The two proxies shot ahead of Cash and Vera's singleships, closing on the ice. Cash was flying his by wire, plugged into its sensorium. Watching the ice's foreshortened bullet-shape grow, radar overlaying and giving depth to optical and infrared images. He could see the pit at the trailing end where the motor was buried, make out hollow spheres that had to be fuel tanks ringing it. The putative anchor points for the lightsails were sharp spikes on either side, and there was a faint image of a pair of broad hoops or girdles running from stem to stern . . .

The proxy was slowing, less than ten kilometres from the ice, when Cash lost contact with it. No warning, just like that. Vera's proxy was dead too. Both of them riddled by some kind of kinetic weapon, falling blindly past the ice now. Luiz, hung way back, transmitted to Cash and Vera a single video frame that showed two specks blurring away from the ice's trailing end, said that the hoops must be rail guns. 'They can fire forward or aft, and their ends are flexible so they can cover large arcs of sky.
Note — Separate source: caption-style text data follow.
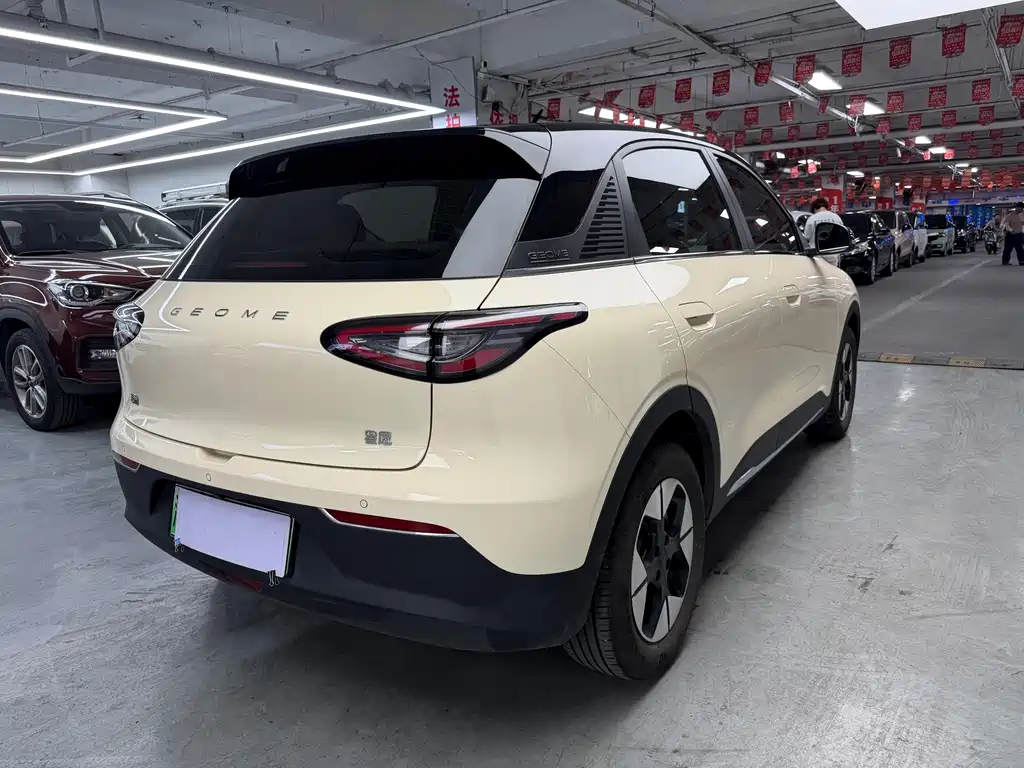 Geely Galaxy Starwish 2025 — фото 10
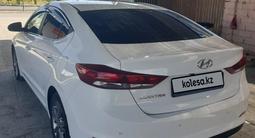 Hyundai Elantra 2018 годаүшін6 700 000 тг. в Алматы – фото 4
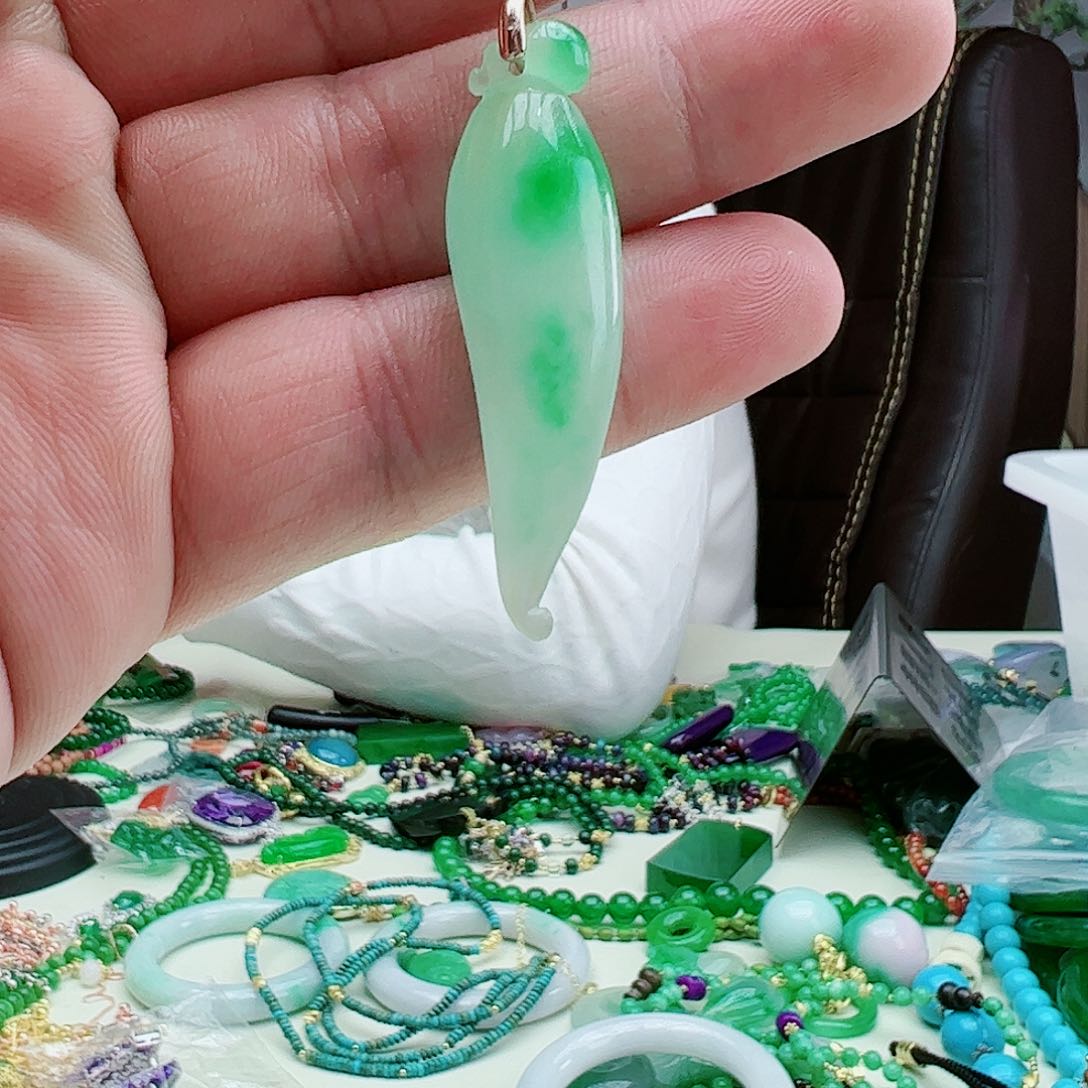 翡翠吊坠(赠链)银S925镶嵌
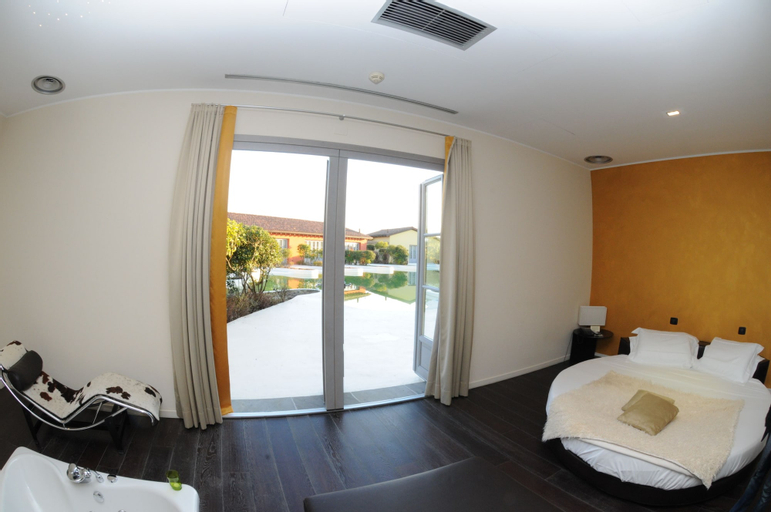 Bedroom 4, Joia Hotel & Luxury Apartments RTA, Bergamo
And they must be made out of some kind of superconducting fullerene, which would explain why it is so hard to spot on radar.'

Vera said it didn't matter what they were was made of because she was going to cook them right now, and she and Cash brought their X-ray lasers online and raked the ice port and starboard, burning long shallow troughs into the hoops, curtains of vaporised material exploding away. Then they fired dumb missiles at the trailing end of the ice and the missiles sped in unhindered and blew out the motor in a blink of hot light. Although the ice appeared to lie defenceless before them, Cash and Vera hung back and sent in another pair of proxies, and as the proxies snarked in there was a stutter of activity across the surface of the ice, sharp plumes of dust flying up from craters as a swarm of tiny drones hurled themselves at the proxies and the singleships.